Brad’s response is to take their evidence as a fundamental challenge to the standard Solow model explanation for why growth rates differ.

Lant Pritchett and Larry Summers are now trying to blow this up: to say that just as the neoclassical aggregate production function is a very bad guide to understanding the business cycle, as the generation-old failure of RBC models tells us, so the neoclassical aggregate production function and the Solow growth model built on top of it is a bad guide to issues of growth and development as well.

This is an overreaction. The mean-reversion and “bursts” that PS find are perfectly consistent with a Solow model including shocks.

Let’s start with the finding that regressing decadal growth rates on prior-decadal growth rates gives you a coefficient of something like 0.2-0.3. PS call this mean-reversion. I think it’s an artifact of convergence. Let’s imagine an economy that is following the Solow model precisely. It is very poor in 1960, and growth from 1960-1970 is about 10% per year. By 1970 it is much better off, and so growth from 1970-1980 slows to 5% per year. By 1980 this has gotten the country to steady state, so from 1980-1990 it grows at 2% per year. From 1990-2000 it is still at steady state, so grows at 2% a year again.

Now regress decadal growth rates (5,2,2) on prior-decade growth rates (10,5,2). What do you get? A line with a slope of about 0.397. Why? Because growth rates slow down as you approach steady state. Play with the numbers a little and you can make the slope 0.3 if you want to. The point is that convergence will generate just such a pattern in growth rates.

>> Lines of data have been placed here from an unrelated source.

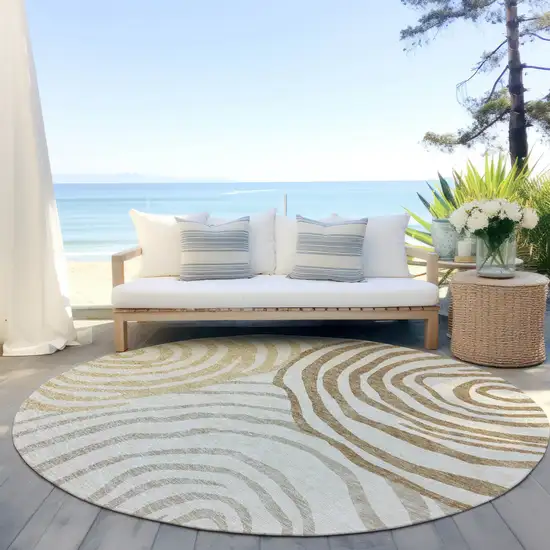 8' Gold Ivory And Beige Round Abstract Washable Indoor Outdoor Area Rug Photo 5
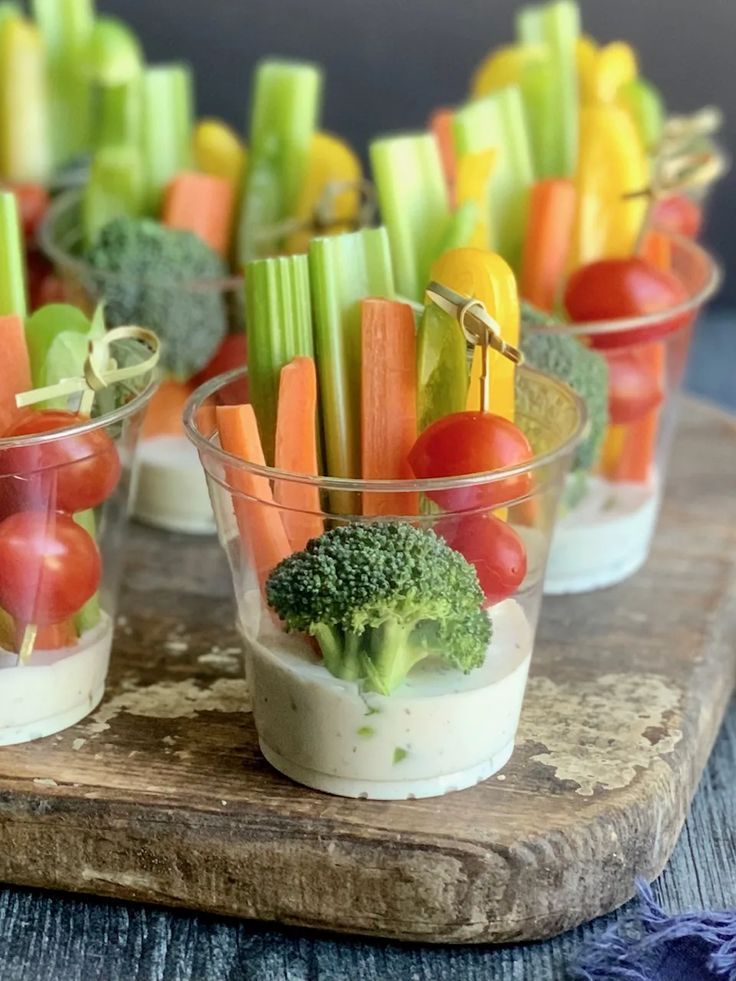 small cups filled with veggies and dip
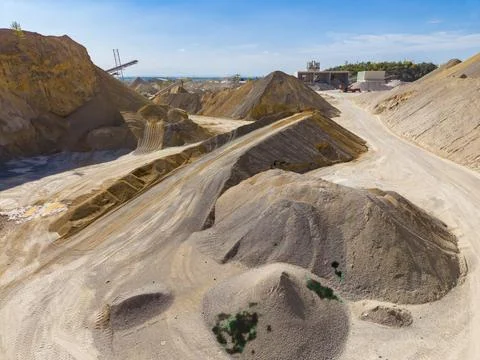 Heavy machinery is present at a construction site where large piles of sand a Stock Photos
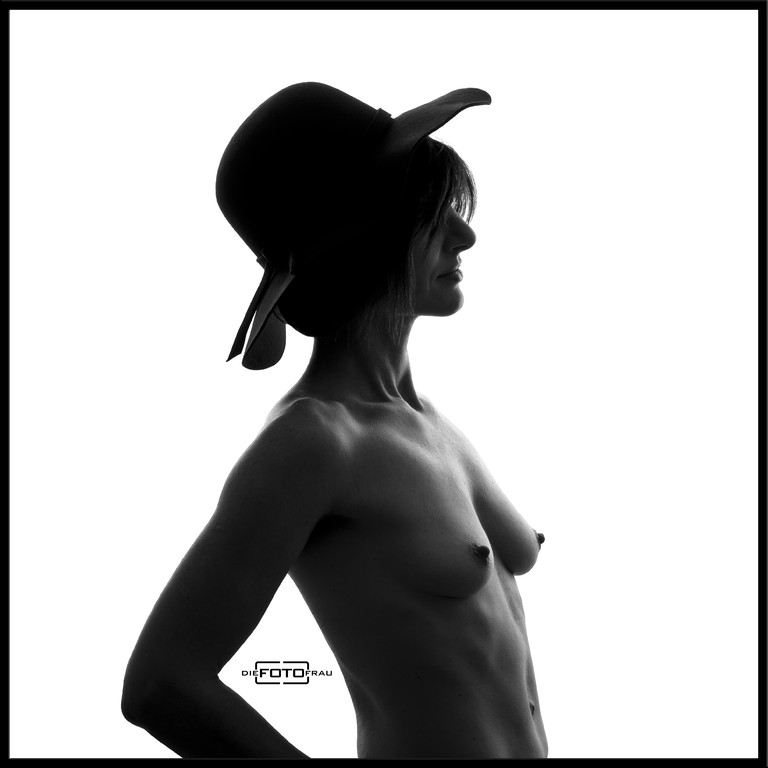 Boudoirfoto im Fotostudio Linz in schwarzweiss einer Dame im Gegenlicht, sie trägt einen Hut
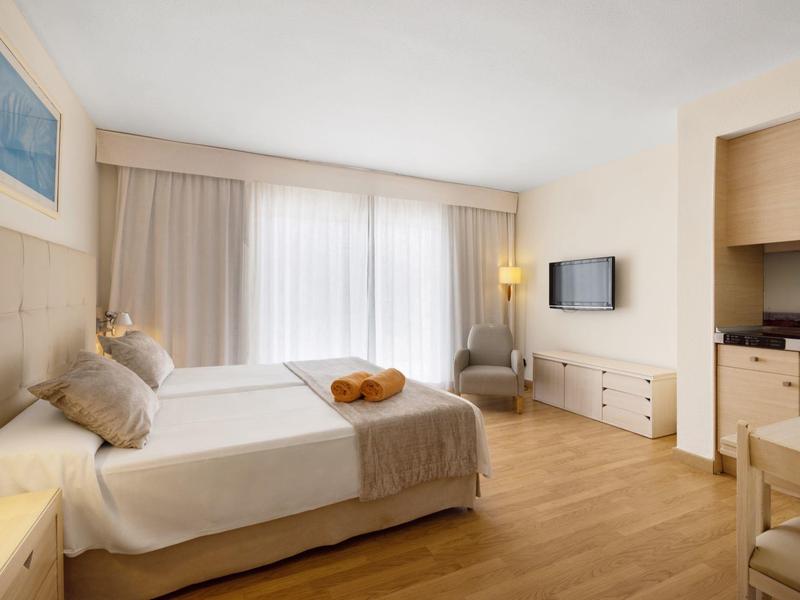 Modernes Hotelzimmer mit Doppelbett, hellem Holzfußboden und einem kleinen Essbereich.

What about the unpredictability of growth rates? PS find that the correlation of growth rates across periods is very low. This is more problematic for convergence, on the face of it. If convergence is true, then growth rates across decades should be tightly correlated. In other words, even if the slope of the toy regression I ran above is less than one, the R-squared should be large.

In my toy example, the country systematically converges to 2% growth, and the R-squared of my little regression is 0.86. PS find much smaller R-squares in their work. The conclusion is that growth rates in the next decade are very unpredictable. So does this mean that convergence and the Solow model are wrong? No. The reason is that once you allow for any kind of meaningful shocks to GDP per capita, the short-run growth rates get very noisy, and you lose track of the convergence. It doesn’t mean it isn’t there, it just is hard to see.

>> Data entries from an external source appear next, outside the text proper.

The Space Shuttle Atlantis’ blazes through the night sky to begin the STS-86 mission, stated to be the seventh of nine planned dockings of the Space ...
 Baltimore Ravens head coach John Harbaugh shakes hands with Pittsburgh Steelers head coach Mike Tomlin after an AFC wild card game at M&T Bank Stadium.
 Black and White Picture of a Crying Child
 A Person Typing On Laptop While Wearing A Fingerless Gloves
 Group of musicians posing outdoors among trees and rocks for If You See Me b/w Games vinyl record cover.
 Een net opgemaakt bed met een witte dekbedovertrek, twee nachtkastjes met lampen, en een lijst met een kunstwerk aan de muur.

Let me give you a clearer demonstration of what I mean. I’m going to build an economy that strictly obeys convergence, with the growth rate related to the difference between actual GDP per capita and trend GDP per capita.

More formally, let

\displaystyle  y_{t+1} = (1+g)\left[\lambda y^{\ast}_t + (1-\lambda)y_t \right] + \epsilon_{t+1} \ \ \ \ \ (1)

where {g} is the long-run growth rate of potential GDP, {y^{\ast}_t} is potential GDP in year {t}, {y_t} is actual GDP in year {t}, and {\epsilon_{t+1}} are random shocks to GDP in year {t+1}. This formula mechanically captures convergence to trend GDP per capita, but with the additional wrinkle of shocks occurring in any given period that push you either further away or closer to trend. {\lambda} is the convergence parameter, which I said in some recent posts was about 0.02, meaning that 2% of the gap between actual and trend GDP per capita closes every period.

I simulated this over 100 periods, with {g=0.02}, {\lambda=0.02}, {y^{\ast}_0 = 20} and {y_0 = 5}. The country starts well below potential. I then let there be a shock to {y} every period, drawn from a normal with mean 0, variance 0.25. Here are the results of one run of that simulation.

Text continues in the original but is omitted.